The insurance company argued that the trial court incorrectly interpreted the term “invalid” in its insurance policy, and that the motorist’s policy was valid, but merely excluded coverage for the incident as the motorist was fleeing police at the time of the crash.

Is the Insurance Contract Language Clear and Unambiguous?

Chief Judge Amanda H. Mercier wrote in the Court’s interpretation of the insurance policy, it’s important to note that “an insurance policy is simply a contract, the provisions of which should be construed as any other type of contract.”

The Chief Judge explained that the construction of a contract, and thus an insurance policy, is a question of law for the court. The Court will apply a three-step process in the construction of the contract, the first of which is to determine if the instrument’s language is clear and unambiguous. If the language is unambiguous, the court simply enforces the contract according to the terms, and looks to the contract alone for the meaning.

Further, O.C.G.A. § 13-2-2 (2) states that:

Words generally bear their usual and common signification; but technical words, words of art, or words used in a particular trade or business will be construed, generally, to be used in reference to this peculiar meaning. The local usage or understanding of a word may be proved in order to arrive at the meaning intended by the parties.

Here, the insurance company policy didn’t define the term “invalid.” When a contract term isn’t expressly defined, the court will look to the usual and common meaning of the term. In a 2009 case, the court looked to a dictionary for the meaning of the term “invalidate” and found the definition: “to render of no force or effect,” after consulting Webster’s New International Dictionary. And Black’s Law Dictionary defines “invalid contract” as “[a]n agreement that is either void or voidable.”

The judge said that while a dictionary is a useful tool for narrowing the range of meanings ordinarily attributed to a term, a dictionary doesn’t always provide a complete answer. The Court of Appeals will also review its prior decisions in which an insurance policy was rendered invalid, such as if an insured makes misrepresentations in a policy application, or fails to properly notify the insurance company of a claim, or fails to cooperate with the insurance company in the investigation of a claim. In the 2009 decision, the Court found that a policy is invalid when coverage “applies but becomes invalidated (and thus of no force or effect) through the actions of the insured.”

The motorist’s policy didn’t contain a coverage exclusion for fleeing police for a bodily or property injury to others.

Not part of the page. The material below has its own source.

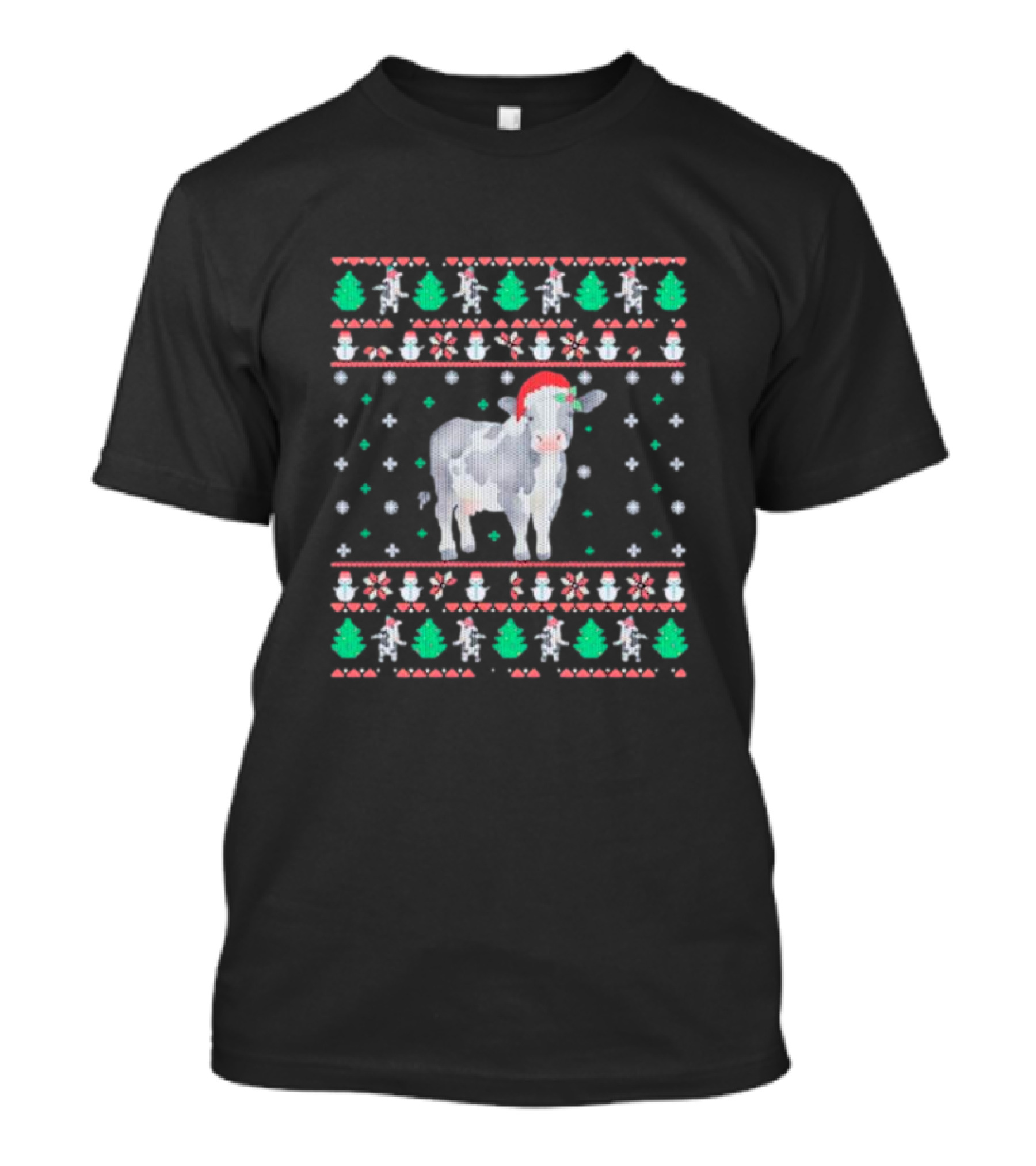 Cow Santa Hat Ugly Christmas T-Shirt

Therefore, had the motorist caused a bodily or property injury to another while fleeing the police, that third party’s claim wouldn’t have been excluded, and the claim would have been paid. But the motorist’s act of fleeing the police didn’t invalidate his insurance policy. Rather, the property damage to his own vehicle fell within a policy exclusion, but his policy was of full force and effect at the time of the occurrence.

Quoting a 2008 Supreme Court case, the Chief Judge wrote that “under Georgia law, insurance companies are generally free to set the terms of their policies as they see fit so long as they do not violate the law or judicially cognizable public policy. Thus, a carrier may agree to insure against certain risks while declining to insure against others.” Here, the insurance company set the terms of its policy and didn’t extend coverage for spot delivery unless the purchaser had an invalid insurance policy at the time of the loss.

“Where the contractual language unambiguously governs the factual scenario before the court, the court’s job is simply to apply the terms of the contract as written, regardless of whether doing so benefits the carrier or the insured.”

Here, the insurance policy language unambiguously didn’t cover such claims unless the purchaser’s insurance policy was invalid at the time of the loss. The motorist’s policy wasn’t invalid at the time of the loss, and therefore, the Court of Appeals held that the trial court erred by granting summary judgment to the Dealership and denying summary judgment to the insurance company. The judgment was reversed. General Sec. Indem. Co. v. Gerald Jones Ford, LLC, 2024 Ga. App. LEXIS 233 (Ga. App. June 18, 2024).